Eine solche Vereinbarung müsse "nach Maßgabe der Dinge ein sehr, sehr intensives Freihandelsabkommen" sein. "Wesentlich hängt es natürlich auch davon ab, was Großbritannien wirklich möchte", betonte sie. Die Diskussion dazu sei "ja nicht so ganz eindeutig". Auf jeden Fall könne man nicht zum Binnenmarkt gehören, "wenn man in einem Teil nur zum Binnenmarkt gehören will, aber in drei anderen Teilen nicht", machte sie erneut klar. "Da müssen wir vernünftige Wege finden."

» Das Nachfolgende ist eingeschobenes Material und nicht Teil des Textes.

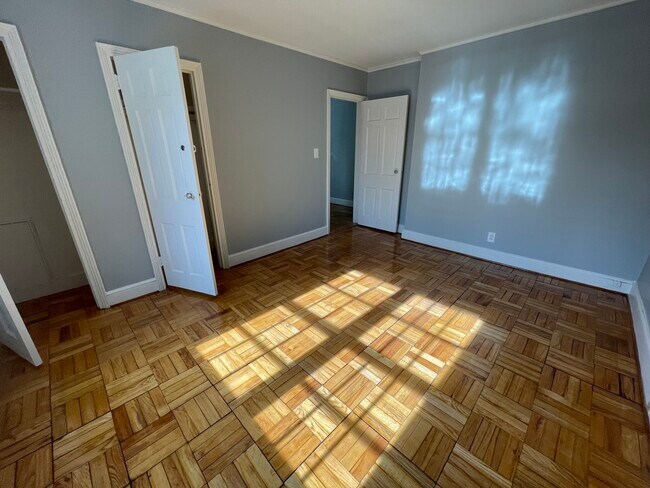 312 Washington St, Unit 3-2 in Wellesley, MA - Building Photo - Building Photo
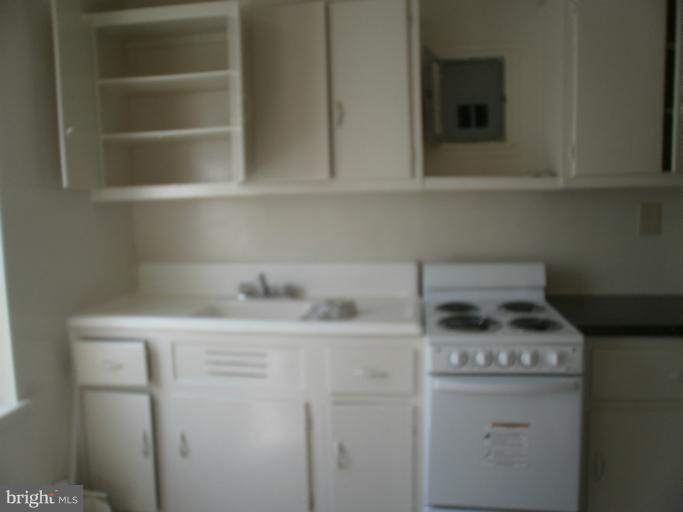 2712 Terrace Road Southeast, Unit A605 Washington, DC 20020 - Photo 6 of 13 Kitchen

Der Präsident des Bundesverbandes der Deutschen Industrie (BDI), Dieter Kempf, forderte in seiner Rede bei der Wirtschaftstagung, in den nächsten Wochen müsse "der Durchbruch zu einem Abkommen über den Austritt gelingen" - denn daran hänge die Übergangsfrist, die bis zu Ende des Jahres 2020 Rechtssicherheit für die Unternehmen schaffe. "Selbst diese Zeit wird kaum ausreichen, um ein Freihandelsabkommen, wie es sich das Vereinigte Königreich vorstellt, auszuhandeln", warnte auch Kempf.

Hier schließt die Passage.